I was looking out the window the other day—the same window that I have looked out for years: my office window. I have seen a lot out this window. I’ve watched parades, pretty girls shopping, bike messengers fist-fighting with cabbies in the middle of Fifth Avenue, and, most recently, a couple of buildings burn and collapse.
As I stood there talking to a client on the phone, listening to a concern of some sort, I realized, "Shit, do I need a vacation." I was trying to act interested, but I was in some kind of "conference call coma"—you know, the one where you are hearing the voice on the other end of the receiver and it sounds like Charlie Brown’s teacher, and thoughts enter your mind like, "How come I never had a mini-bike …" Not a good place to be for too long a period of time.
How can I be bored? I make cartoons for a living. I mean, come on, somebody, pinch me. Only other thing I would rather do is play second base for the Mets. But I could not figure out why lately my focus has waned. I filed through all the pop psychology I get from watching my local news. When the blonde anchorwoman with perfect teeth tells me that I may have post-traumatic stress disorder, "That’s it," I say … Or bad-air-quality disorder … "Maybe that’s it." Or disorderly disorder … "Yes! That’s it! That’s what I have, that one sounds good!" But deep down I know that it’s none of these.
The problem is that I have become disillusioned with television, the one thing I could always count on to get my mind off other disillusionments. Now, you might say, "What took you so long." But I am not naive, I know that television has always been the electronic carnival—a freak show filled with carnies, delivered straight to your living room, complete with assorted freaks and deformities. Even knowing this, somehow I feel like things have taken a turn for the worse. Lately, television is just plain meaner.

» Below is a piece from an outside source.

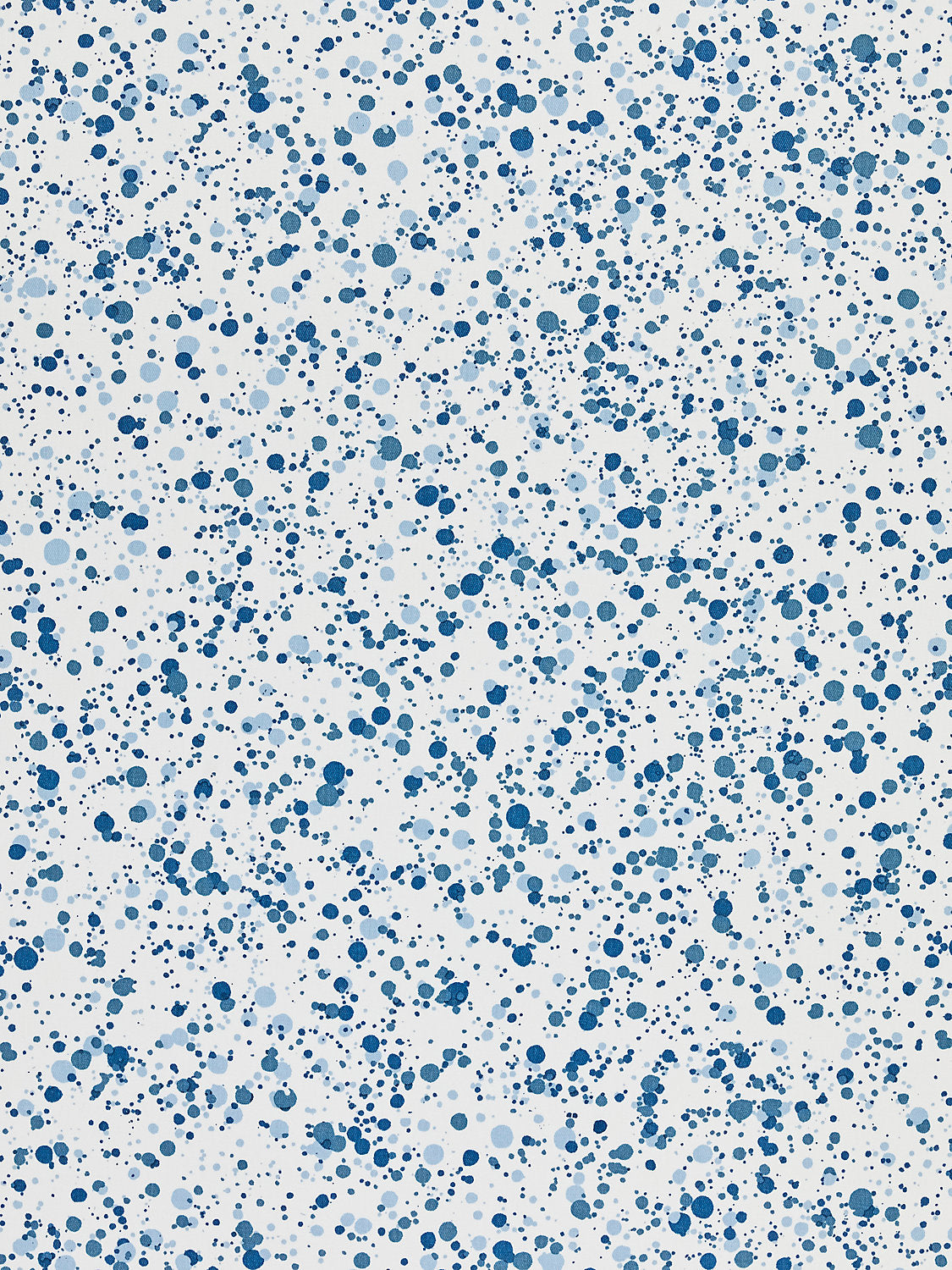 Spatter Cotton Print - Ocean Blue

I guess it was that break right after 9/11, when certain programming was deemed unfit for television viewers. We were spared reality shows that pitched people against each other, to lie, cheat and/or steal just for laughs, or to mate, whichever came first. Commercials that depicted young girls at their graduation ceremony fighting over who is prettier, all for the sake of a Coke. Why are these images still not unfit? Have television executives decided that we are all healed, and at this point we can be served up our daily dose of violent, mean-spirited, screw you messages?
When I was a kid, I would come home from school and switch on Sesame Street, and delight to Muppets and neighbors in a world where people are civil to each other and not afraid to love one another. Wow! How Pollyanna is this all sounding? Or, better yet, how jaded have we all become? Shows like The Twilight Zone could create an escape porthole for just 30 minutes with pure mind-enhancing entertainment. No one gets hurt, no video surveillance footage of people shooting other people, no cops dragging shirtless "perps" to jail.
But there is hope.
The Osbournes—the new Ozzy Osbourne show on MTV—has been the talk of the studio lately. We have all been discussing why it’s so funny and why people like it so much. "I know why this show is funny," I said, "and different all at the same time: The characters (the Prince of Darkness himself!) really love each other." One of the younger 20-something animators was like, "What!" I said, "They love each other! Ozzy loves his kids and his wife, even though he thinks they are all mad! And that’s what makes the show unique." There was a silence; it was tough for him to comprehend that love would be the backbone of this MTV sitcom.
Well, maybe there is hope for television, after all. It has come in the form of an aging rock star on Prozac, who has been known to bite the heads off live bats. Can you say, "carnies"!
I have been lucky enough to make a career out of creating children’s television, so I can claim a certain level of ignorance—and, believe me, it is blissful. My job is to create characters that encourage kids and make them laugh with each other instead of at each other.
But I still find myself, lately, looking out the window and thinking I need a vacation. I hope that’s all it is.